Supplied records:
* * * * *

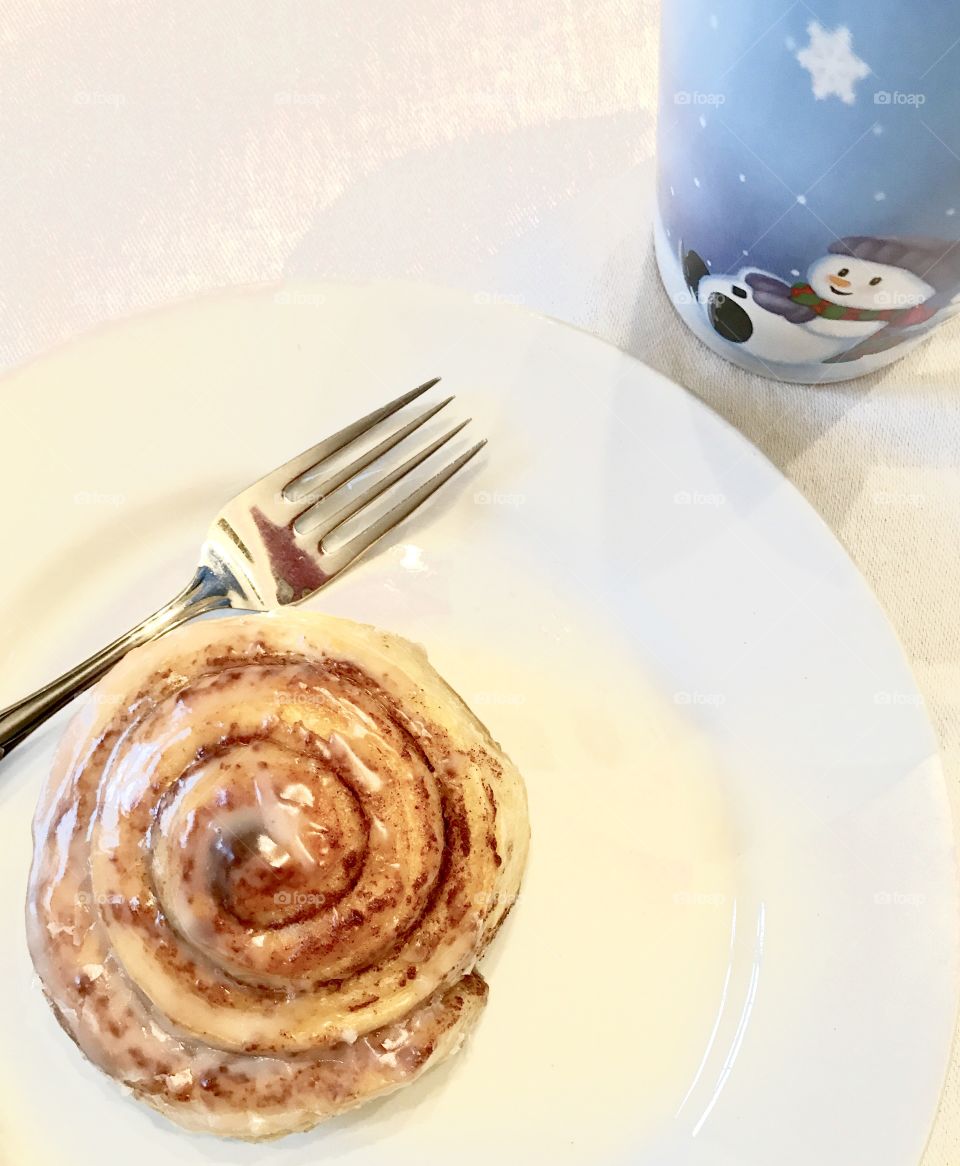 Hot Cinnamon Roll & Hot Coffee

* * * * *

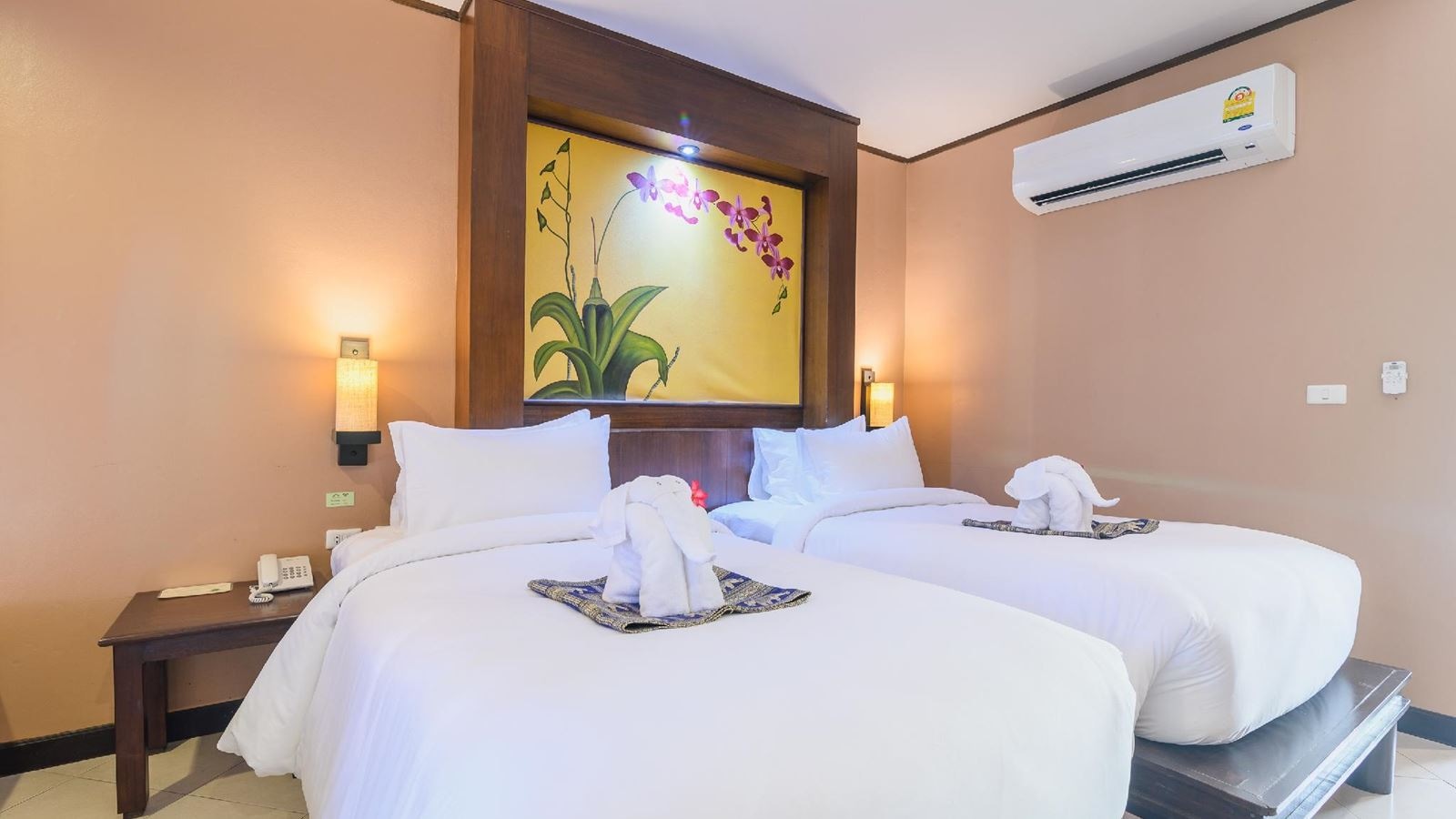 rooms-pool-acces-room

* * * * *

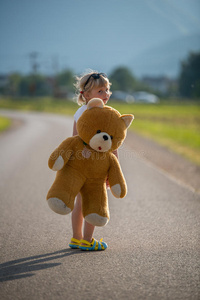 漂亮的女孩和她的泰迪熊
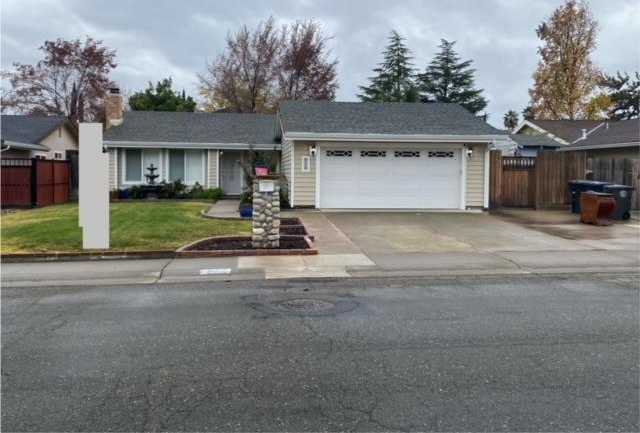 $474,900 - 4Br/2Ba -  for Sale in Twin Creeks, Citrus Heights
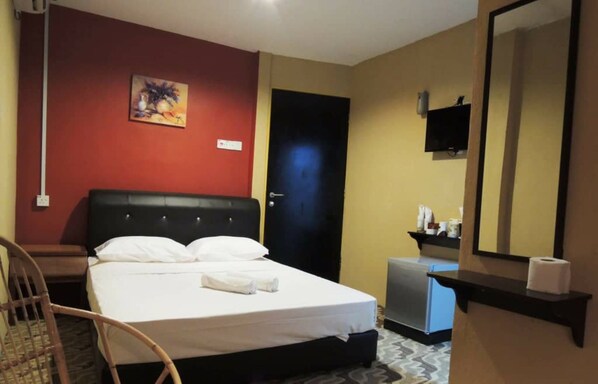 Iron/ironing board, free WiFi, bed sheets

* * * * *

Your objective: Nothing outside the stretch above, from the line with "Creeks, Citrus Heights" through the line with "Iron/ironing board, free WiFi, bed sheets", is set down. Transcribe that stretch exactly, ends included, but not its pictures.

Response to the task:
 $474,900 - 4Br/2Ba -  for Sale in Twin Creeks, Citrus Heights
 Iron/ironing board, free WiFi, bed sheets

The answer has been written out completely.